Work task
For this task, copy all of the data below exactly and skip the pictures.

>>>>>

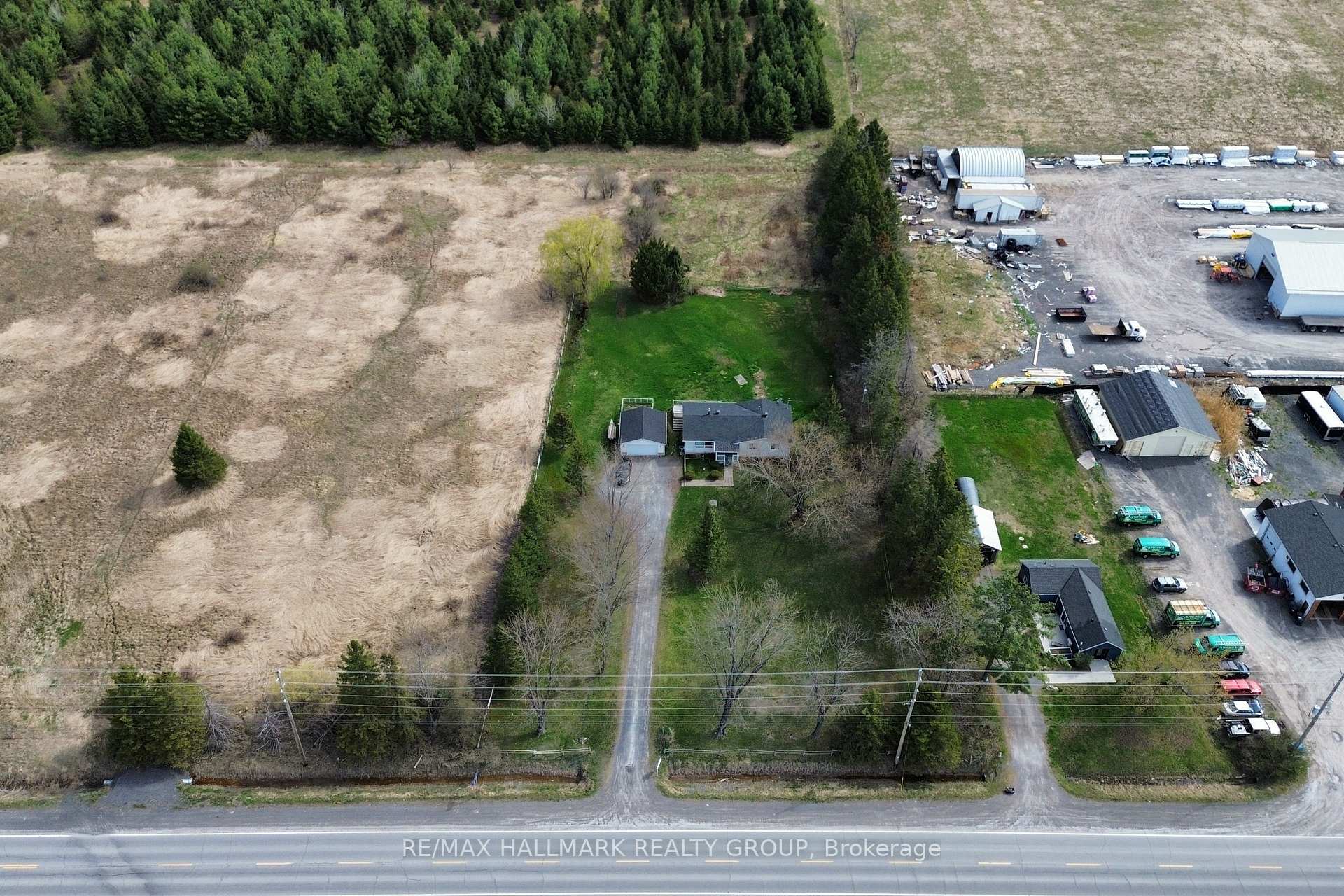 Photo 33 of 3756 Dunrobin Road, Ottawa, Dunrobin Shores — HOMEH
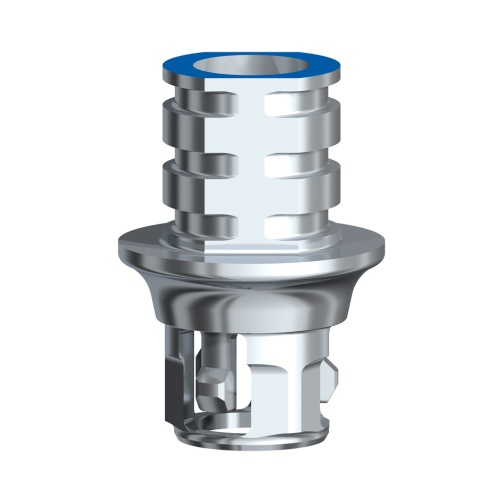 Temporary Snap Abut Eng CC WP 1.5mm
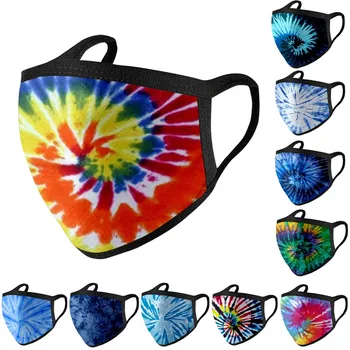 Mask Unisex Printed Spots Wild riding Face Masks Washable Reusable Cloth Dustproof Windproof Air Filtration Masks 5PCS masque
Mask Unisex Printed Spots Wild riding Face Masks Washable Reusable Cloth Dustproof Windproof Air Filtration Masks 5PCS masque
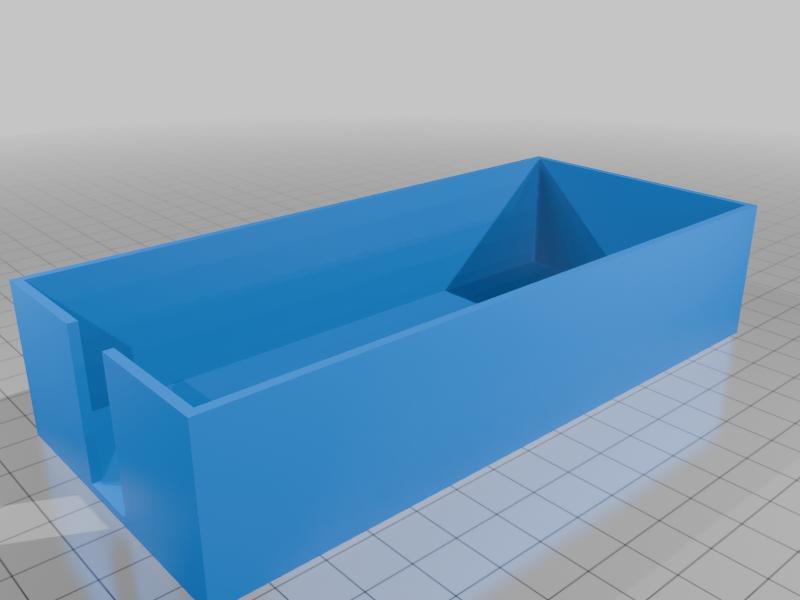 Mini battery cover for a BtrPower 12V 10Ah LiFePO4 Battery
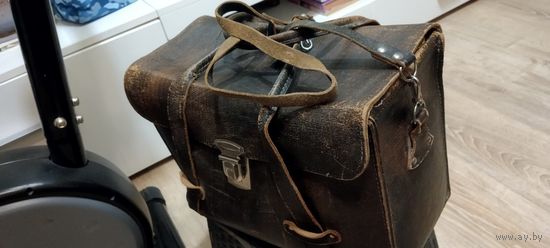 Кофр для фотоаппарата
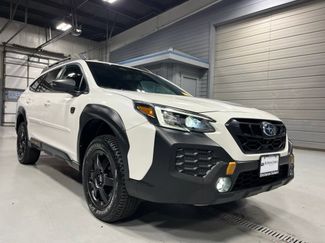 Used 2024 Subaru Outback Wilderness AWD/4WD video 1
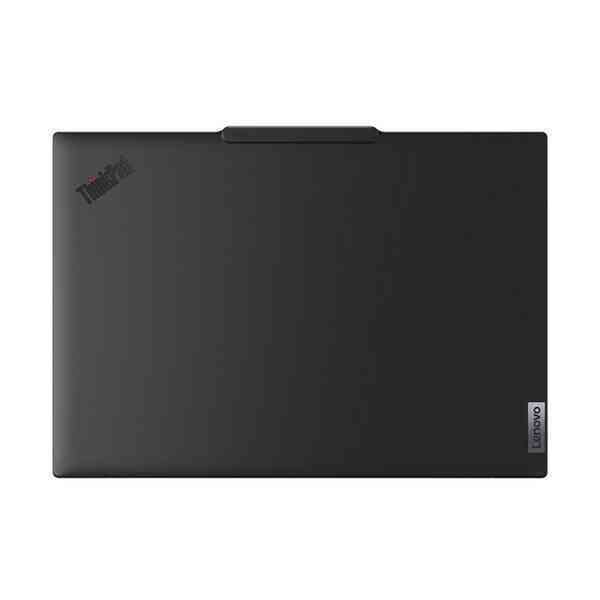 Lộ diện mẫu ThinkPad đầu tiên với chip Snapdragon X Elite- Ảnh 6. Lộ diện mẫu ThinkPad đầu tiên với chip Snapdragon X Elite- Ảnh 6.
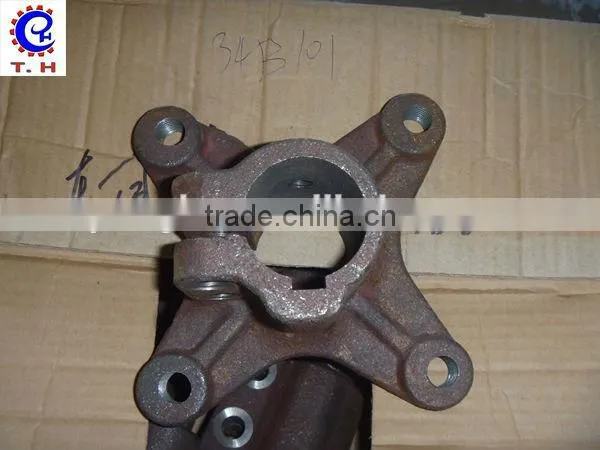 DF12 tractor engine part WHEEL HUB 12-34B101 on promotion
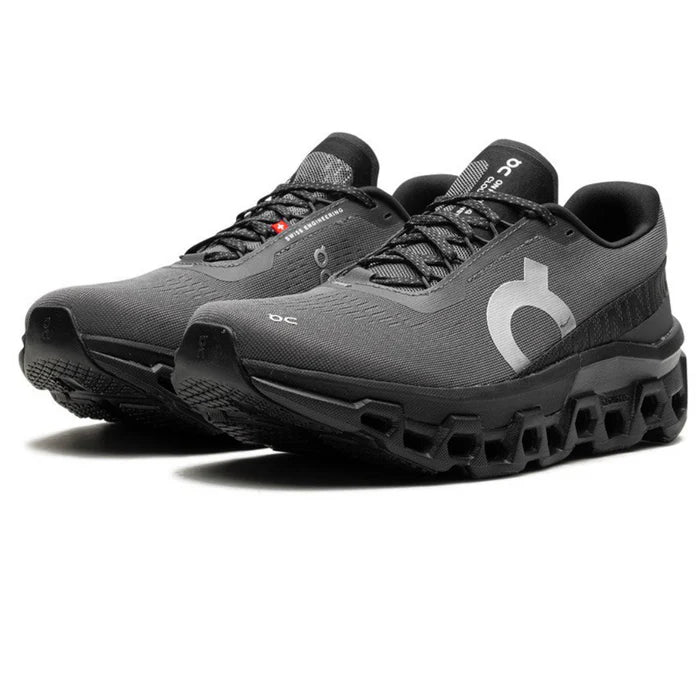 On Running Cloudmonster 2 Asphalt Iron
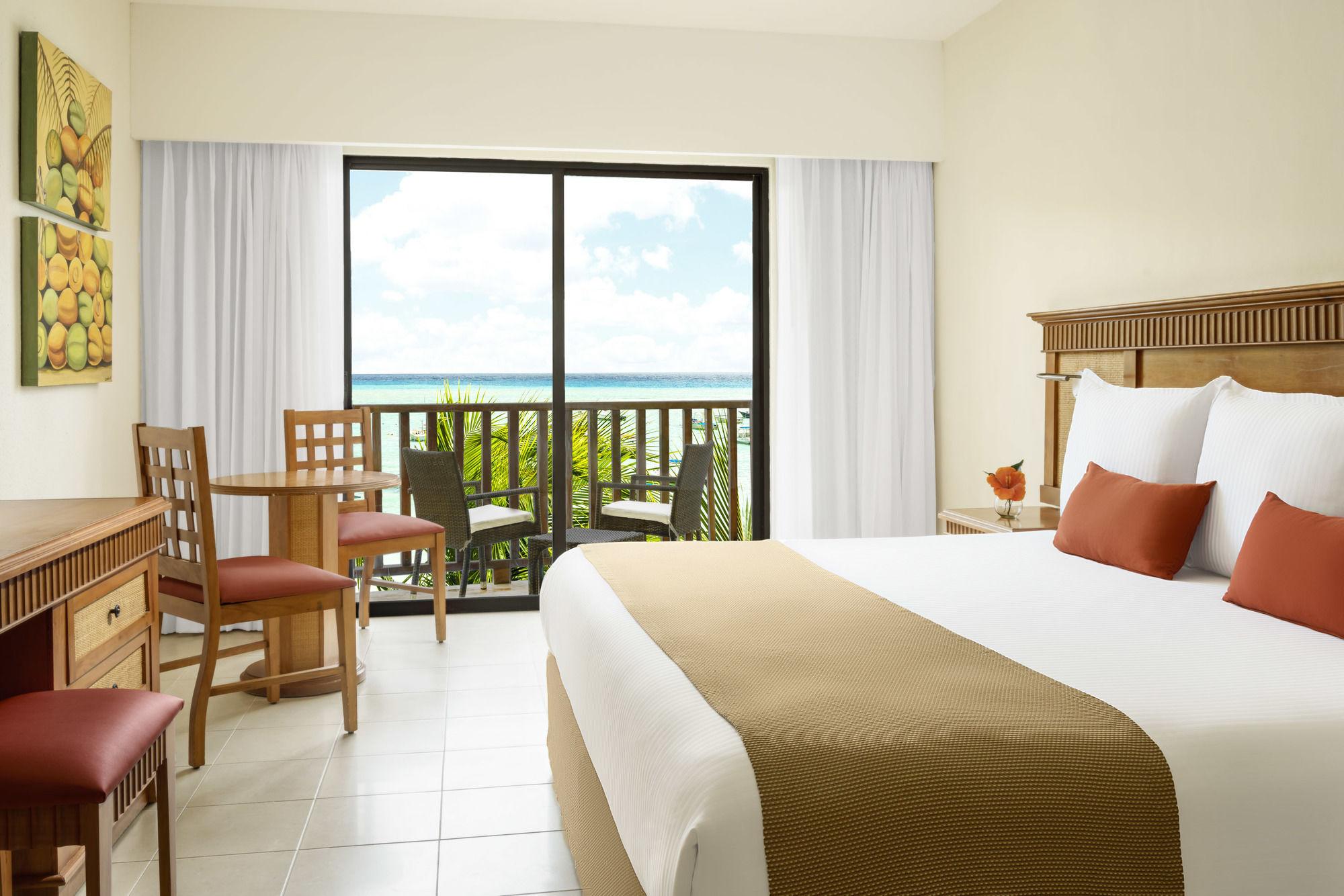 Habitación The Reef Coco Beach Resort & Spa - Optional All Inclusive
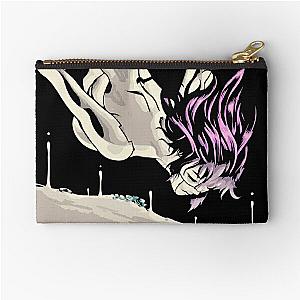 Ghost in the Shell Zipper Pouch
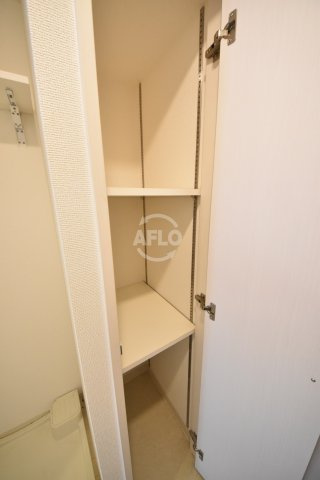 エステムコート梅田・天神橋IIグラシオの玄関|エステムコート梅田・天神橋ＩＩグラシオ　玄関収納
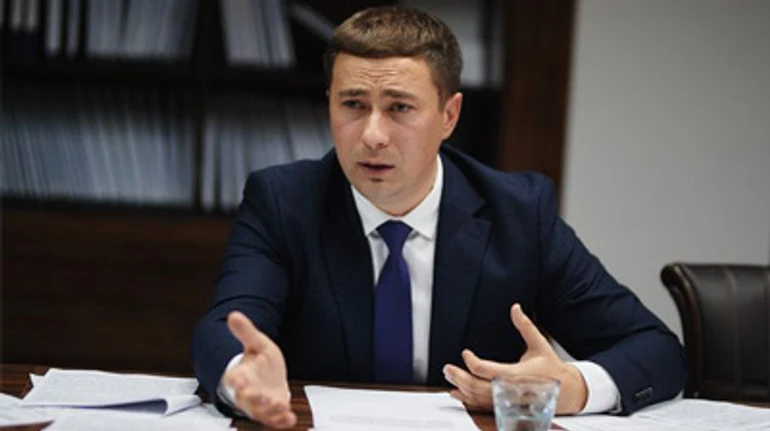 Країна фактично розграбована, землю уже поділили. Інтерв'ю з головою Держгеокадастру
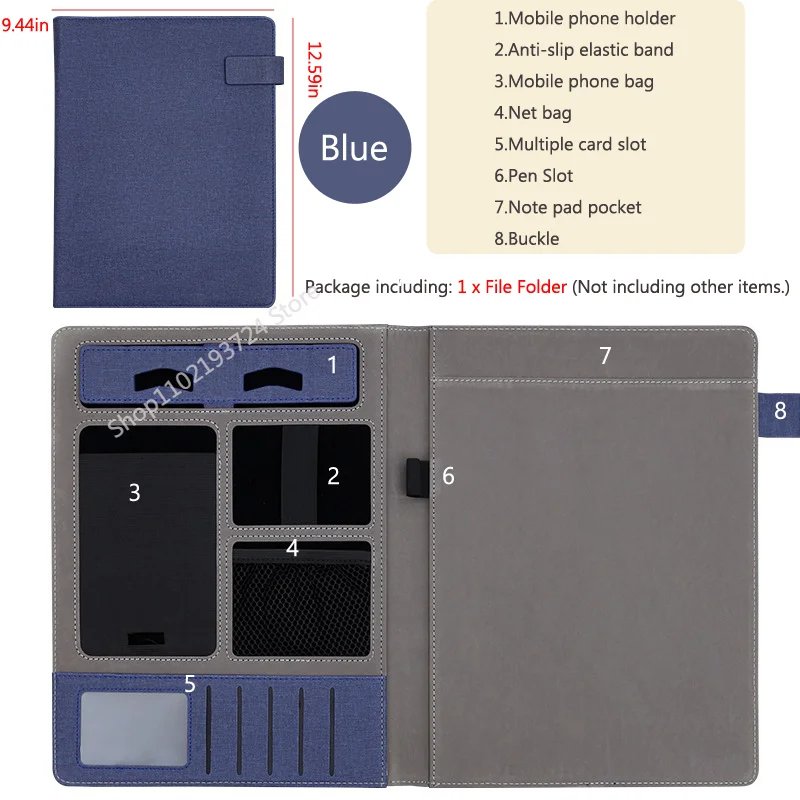 C3 Folder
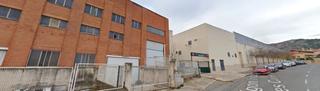 Locale commerciale in Zona Nord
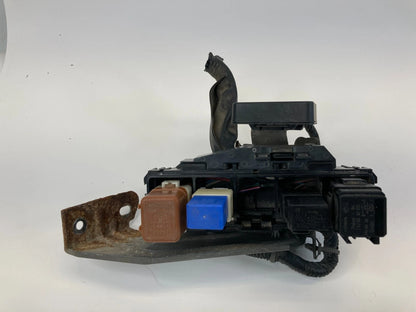 2006-2010 INFINITI M35 3.5L V6 A/T ENGINE COMPARTMENT FUSE RELAY BOX OEM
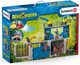 Миниатюра изображения товара Игровой набор Schleich Большая исследовательская станция динозавров / 41462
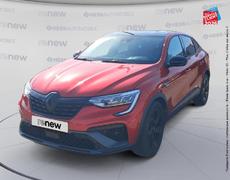 Renault Arkana Colmar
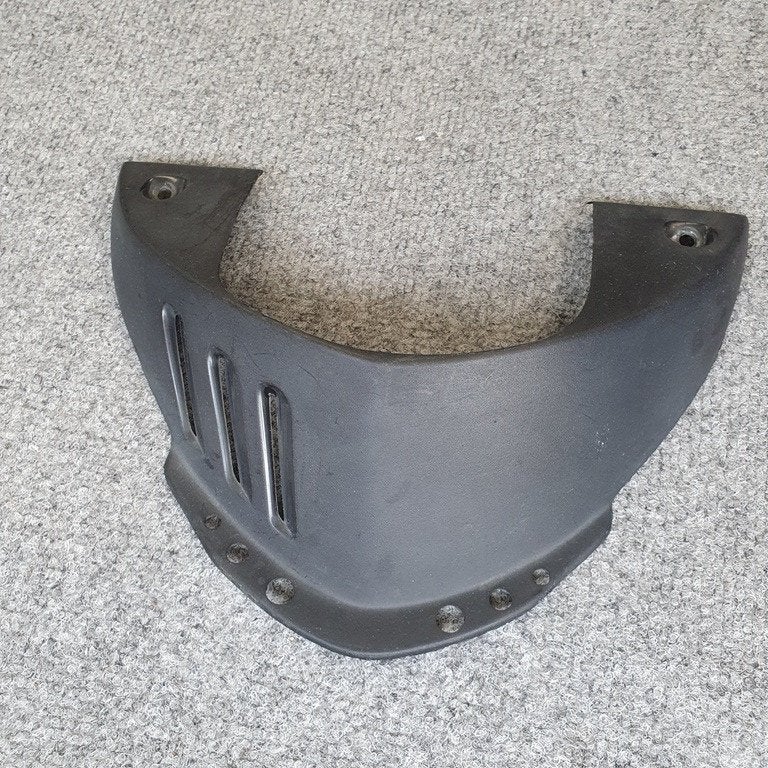 Stuur afdek kap Aprilia SR50 | SR 50 | stuurkapje | 192, Fietsen en Brommers, Ophalen of Verzenden, Gebruikt, Kap, Aprilia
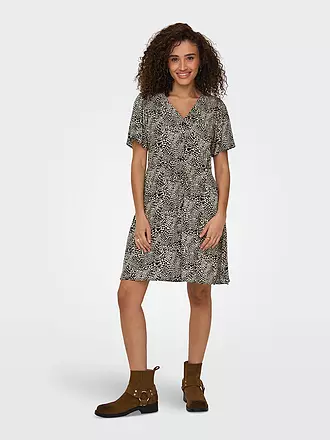 ONLY | Minikleid ONLEVIDA | blau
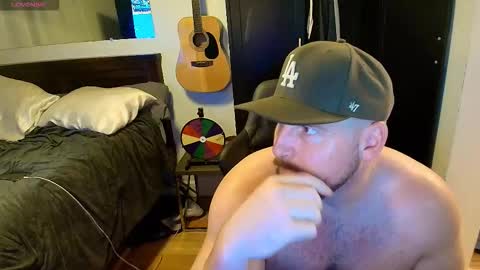 Chance Cruise online show from November 26, 2:42 am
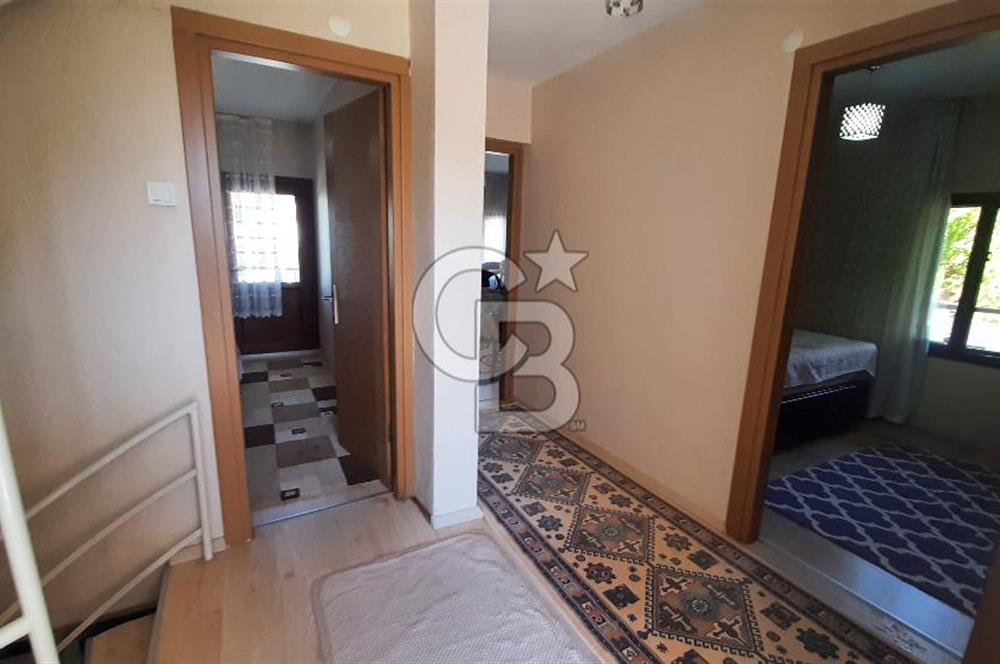 Çeşmealtında Satılık 5+1 Müstakil Villa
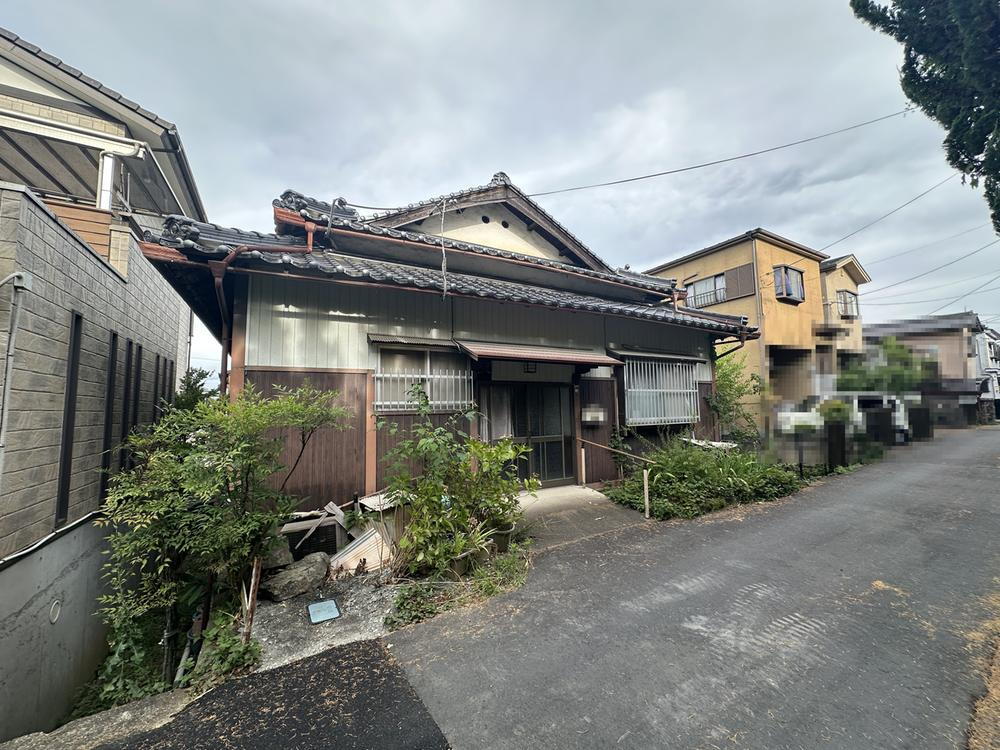 京都府福知山市字天田 980万円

<<<<<

Task output
 Photo 33 of 3756 Dunrobin Road, Ottawa, Dunrobin Shores — HOMEH
 Temporary Snap Abut Eng CC WP 1.5mm
 Mask Unisex Printed Spots Wild riding Face Masks Washable Reusable Cloth Dustproof Windproof Air Filtration Masks 5PCS masque
Mask Unisex Printed Spots Wild riding Face Masks Washable Reusable Cloth Dustproof Windproof Air Filtration Masks 5PCS masque
 Mini battery cover for a BtrPower 12V 10Ah LiFePO4 Battery
 Кофр для фотоаппарата
 Used 2024 Subaru Outback Wilderness AWD/4WD video 1
 Lộ diện mẫu ThinkPad đầu tiên với chip Snapdragon X Elite- Ảnh 6. Lộ diện mẫu ThinkPad đầu tiên với chip Snapdragon X Elite- Ảnh 6.
 DF12 tractor engine part WHEEL HUB 12-34B101 on promotion
 On Running Cloudmonster 2 Asphalt Iron
 Habitación The Reef Coco Beach Resort & Spa - Optional All Inclusive
 Ghost in the Shell Zipper Pouch
 エステムコート梅田・天神橋IIグラシオの玄関|エステムコート梅田・天神橋ＩＩグラシオ　玄関収納
 Країна фактично розграбована, землю уже поділили. Інтерв'ю з головою Держгеокадастру
 C3 Folder
 Locale commerciale in Zona Nord
 2006-2010 INFINITI M35 3.5L V6 A/T ENGINE COMPARTMENT FUSE RELAY BOX OEM
 Миниатюра изображения товара Игровой набор Schleich Большая исследовательская станция динозавров / 41462
 Renault Arkana Colmar
 Stuur afdek kap Aprilia SR50 | SR 50 | stuurkapje | 192, Fietsen en Brommers, Ophalen of Verzenden, Gebruikt, Kap, Aprilia
 ONLY | Minikleid ONLEVIDA | blau
 Chance Cruise online show from November 26, 2:42 am
 Çeşmealtında Satılık 5+1 Müstakil Villa
 京都府福知山市字天田 980万円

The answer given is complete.